Alors voila ? C'est tout ? Juste une petite phrase pour finir ce livre qui l'avait passionné depuis quelques semaines ? C'est navrrant. Assise sur un banc, au soleil qui venait de réapparaitre après une semaine de chaudes gouttes, une jeune fille ferma son livre l'air autre part. Depuis combien de temps, n'avait-elle pas pris de temps pour elle seule ? Peut être des mois, voir des années. Les nuages s'étaient dissipés pour laisser un ciel bleu azur et profond. L'air était devenue plus supportable et le vent ne soufflait presque plus. Il n'y avait que cette adolescente dans ce parc désert. Le silence régnait, seul le craquement des feuilles donnait a cette endroit une once de vivacité.

La solitude, quelle belle invention ! Rester seule avec soi-même et pouvoir penser sans que personne ne nous fasse de remarques. Et plus le temps avançait et plus Ayu remarquait que ces humains qui vivaient, n'était pas totalement conscient que le monde n'est qu'une succession de problèmes. Et c'est pour cette raisons que d'être solitaire était la seule façon d'échapper a ces problèmes insupportable.

Un soupire échappa alors des lèvres de la jeune demoiselle, toujours assise regardant de gauche à droite très furtivement, essayant de trouver quelques chose de vivant, d'actif et qui pourrait éveiller sa curiosité. Mais, rien ... Encore rien. Toujours rien. Alors elle daigna se lever très doucement et marcher pour une destination inconnue. Loin du monde en tout cas …

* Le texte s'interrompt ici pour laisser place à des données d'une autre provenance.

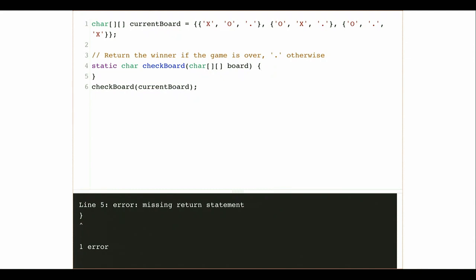Today's example is tic-tac-toe, played on a 3x3 board. Players take turns placing X's and O's, and the goal is to get three in a row — horizontally, vertically, or diagonally. Let's write a program to check if somebody won. First, let's just write a nested loop to go through the entire two-dimensional array and print off the values. The function takes a two-dimensional array called 'board' as its argument.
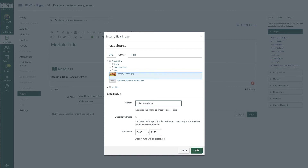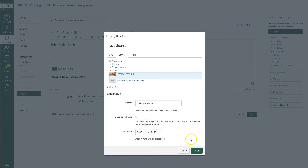Remember that the screen reader will read the text exactly as it's entered. If it's a decorative image, you have the checkbox there to make sure that it is not read by a screen reader if it's not important. If it's just there for decoration and it doesn't need to be read by a screen reader, then make sure you check that box.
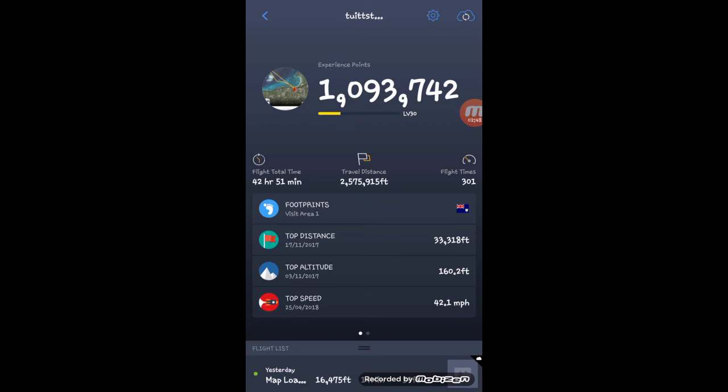And then the next one is your travel distance, how much in feet or in meters. I've gone over two million feet right now. And then we come upon flight times. I've gone 301 hours. So yes guys, you can look up and see some of your past histories.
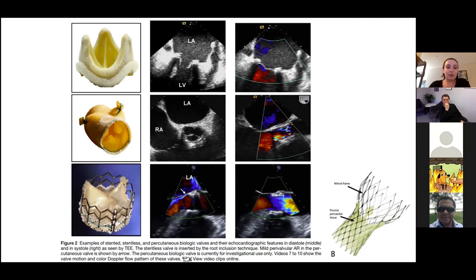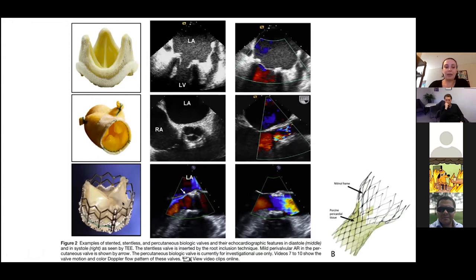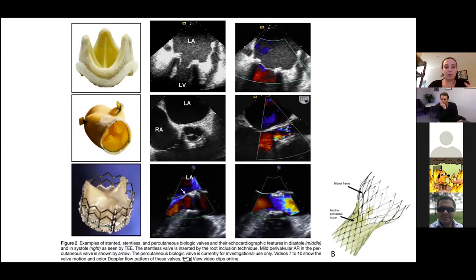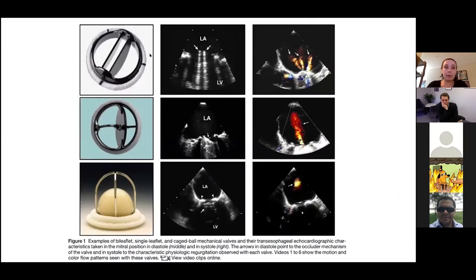The last two are examples of percutaneous valves. The first is a stented one and this one is a self-expanding type. These are not the only kinds of percutaneous valves but they pretty much all look like that — the self-expanding ones are always the longer ones, and the ones that already have a stent around them are a little bit shorter. And these are the mechanical types of valves.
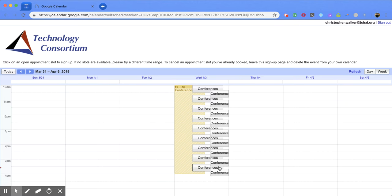So I hope you enjoyed this little tutorial on how to use the appointment slots function within Google Calendar.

Elle avançait tout droit, traversant le parc jusqu'à sa frontière, continua sa ballade dans les ruelles de la ville et finit par arriver à la plage
.

" Mhh … "

Ce sable doux et brulant caressant la paumes de ses pieds, cette douce odeur d’eau salé imprégné dans ces narines, cette brise printanière la faisant frémir. Que de bons souvenirs passés. Et même après avoir visité le monde, son endroit préféré restait la mer. Justement parce que le meilleur endroit de solitude se trouvait être ce paysage. Parce que dans cet atmosphère ci, la jeune adolescente pouvait livrer ses pensés les plus profondes et les plus intimes. Les pieds enfouie dans les grains de sable doré, elle s’avançait vers les vaguelettes s’écrasant sur le sol. Elle enleva ses chaussures gracieusement pour y tremper ses orteilles en premier temps, puis enfin habitué, ses pieds entièrement. Les rayons avaient disparut, la tempête ne tarderait pas a arriver. Elle s’assis sur le sable humide et fixa l’horizon, cherchant le profond dans cette immensité. Les yeux perdus entre les souvenirs d’enfance et les nuages qui défilaient au dessus d’elle. Elle déposa son livre a coté sans décrocher son regard et respira longuement l’air pur, l’air qu’elle adorait tant.

* Ce qui est bien est bien. Je ne faisais pas l’affaire. Qu’ils se piétinent les uns et les autres s’ils veulent ! Je n’attache pas tant de prix a me faire bousculer. Je ne me suis pas poussée au monde et je devrais me pousser au monde maintenant ? Bien sûr. On m’a embarqué après tout. Je n’étais qu’un nourrisson quand je vins au monde sinon j’aurais bien été assez maline pour devenir quelques choses d’autre. Les humains c’est … c’est … Faut-il que j’expie parce que les autres sont déjà là ? Non non ! Si quelqu’un me fait part d’un chien enragé je lui rends son chien enragé c’est tout. Ne pas me pourrir la vie pour ces futilités de gamin.*

Cette fois, elle essaya encore une fois de détourner son regard. Une goutte, puis deux et une centaine. Qu’elles sont chaudes ! La pluie tombe a torrent, les yeux de Ayu se détachent de cet obscure horizon pour croiser le teint verdâtre de la mer.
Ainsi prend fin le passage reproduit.